The responses to this question usually go something like this: “The law is constantly changing, usually in response to the political economy. The legal profession are mere reactionaries to the Jacobins and monarchists duking it out in the poltical arena. Tools for the masses and ideological whims of those in power.”

Not only has this likely led to a greater distrust in our legal instituions (how many more articles about the “failed” Supreme Court must we read?), but it’s also probably wrong.

To explain why, I will draw on a few examples—but the statement above first needs to be fleshed out.

Admitting simultaneously that (1) American law changes constantly and (2) that those whose profession is in the law are merely reactive suggests that the law changes only at the pace society or electoral politics do (if not slower). This statement, therefore, attempts to prove too much.

While changes in society or at the political level are not necessarily indicative of changes in the law, it is true many reforms in American law appear shortly after social and political revolutions have passed. The explosion of newfound liability for corporations in the twentieth century doesn’t come to be without the intense mass commercialism that preceded it. However, such mass industry arguably doesn’t itself come to be without American law decidedly promoting economic development in the mid-nineteenth century during what James Willard Hurst described as a release of “energies” through the law.
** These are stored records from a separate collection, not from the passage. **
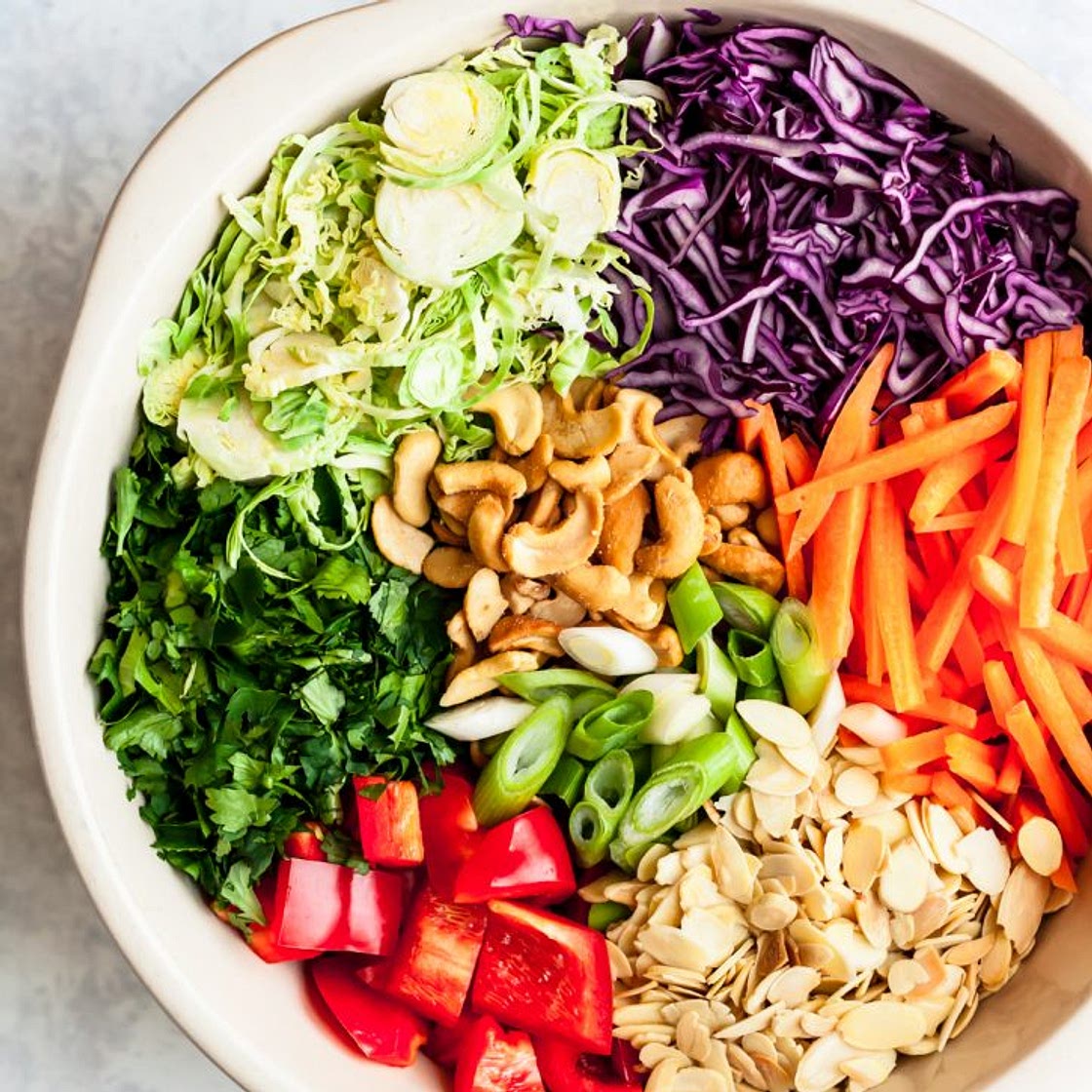 Cashew Crunch Shredded Brussels Sprouts Salad with Sesame Ginger Dressing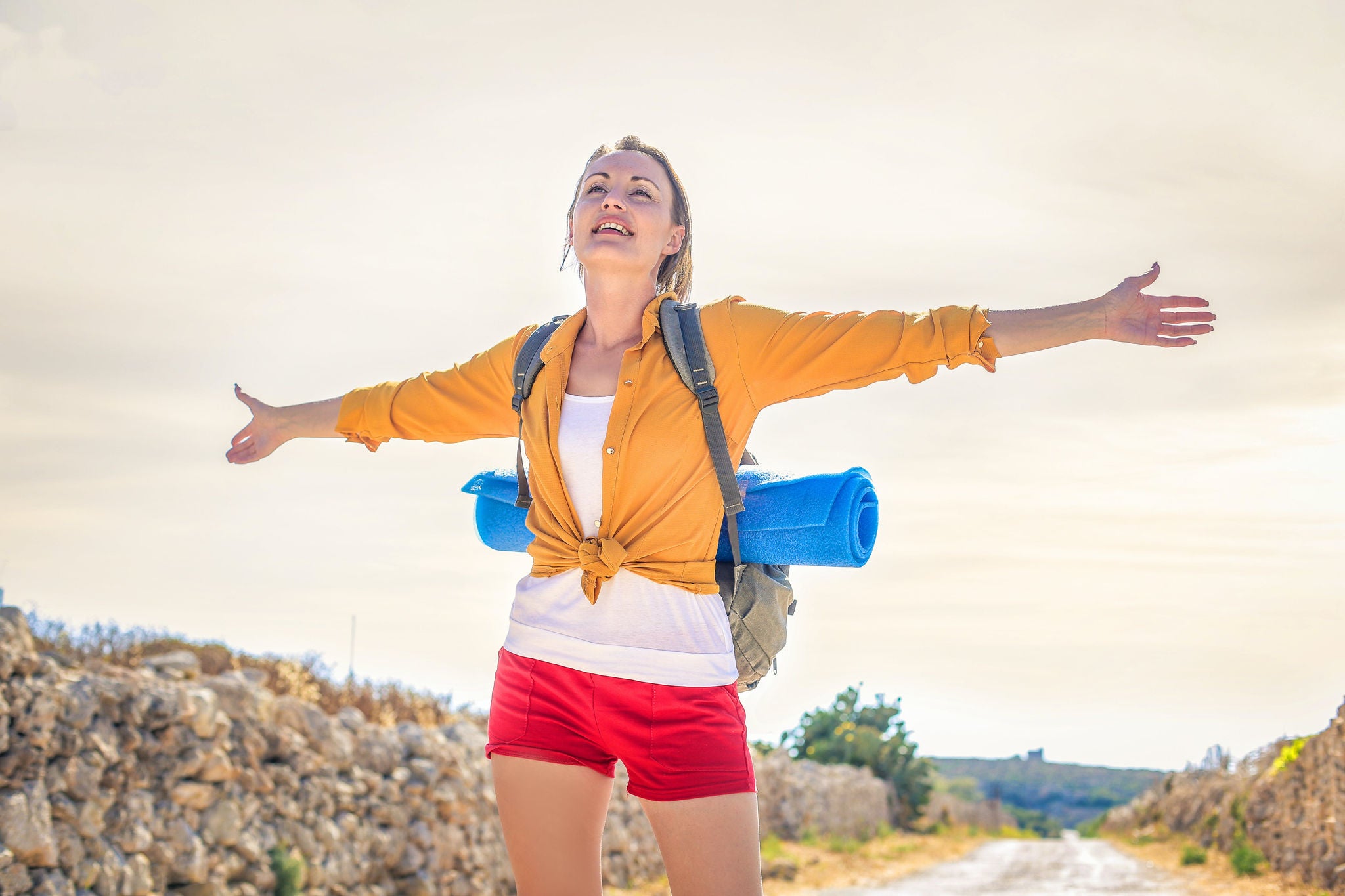 A woman stands on a rural path with arms outstretched, wearing a yellow shirt and red shorts. She carries a backpack and a blue rolled-up sleeping mat, suggesting she is on a hiking or camping trip. The background features a stone wall and open countryside under a bright sky. The image conveys a sense of freedom and adventure.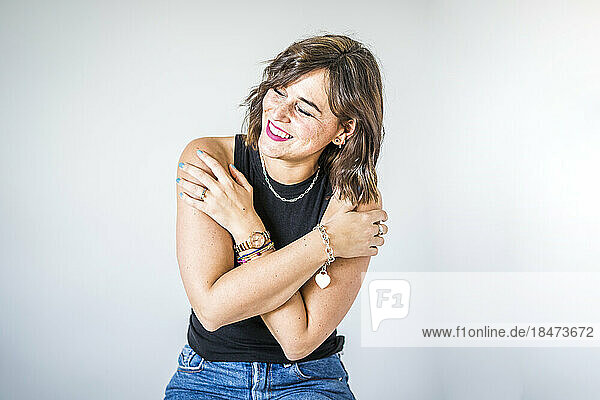 Happy woman hugging herself in front of white wall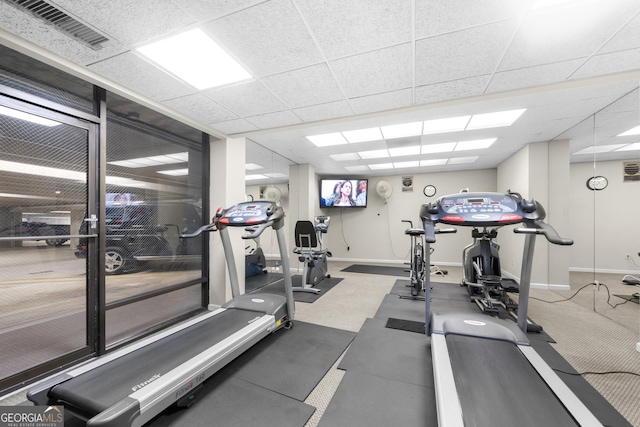 3530 Piedmont Rd NE Unit 3I, Atlanta, GA 30305 - exercise room featuring a paneled ceiling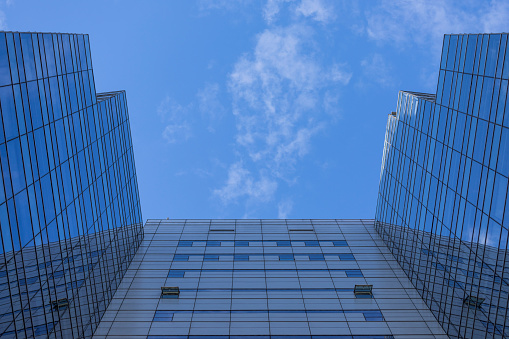 Bottom view of a modern glazed tower with blue sky in the background. Natural lighting with shadows on buildings.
So, there we have a glimpse of the dilemma in arguing for one side or the other of causal order — and why we should be dubious of those who would limit the legal profession to one large knee-jerk. One could return to each legal reform or social movement and find a revolution or ideological court that came just before it.

This essay will argue that the correct view of legal change in American law is neither purely externalist nor internalist, but instead a tapestry of social movements utilizing the legal system instrumentally for change based on both actual lawyering and social politics. That is, lawyers and judges are not merely reactive, but often engage symbiotically with social and political shifts to create change in American law.

To illustrate, let’s delve into three historical examples: (1) The strategies of the Long Civil Rights Movement, (2) the uniqeuly neurotic case of the Charles River Bridge, and (3) a New Deal domino case, West Coast Hotel.

NAACP and Litigation Strategy in the Twentieth Century

Charles Hamilton Houston once stated that “legal arguments mean little unless supported by public opinion.” Indeed, much of Hamilton’s statement can be seen in the NAACP’s work throughout the 1930’s and 1940’s; namely, in utilizing a strategy that made equal protection arguments via representative plaintiffs of upper and professional minority classes.

Moreover, many of the cases that made it into court relied on circumstances that allowed their lawyers to paint vignettes targeting the haute-bourgeoise tastes of upper-class whites — segregated theaters and rooms at Harvard Law School were some of the stages upon which these legal battles began.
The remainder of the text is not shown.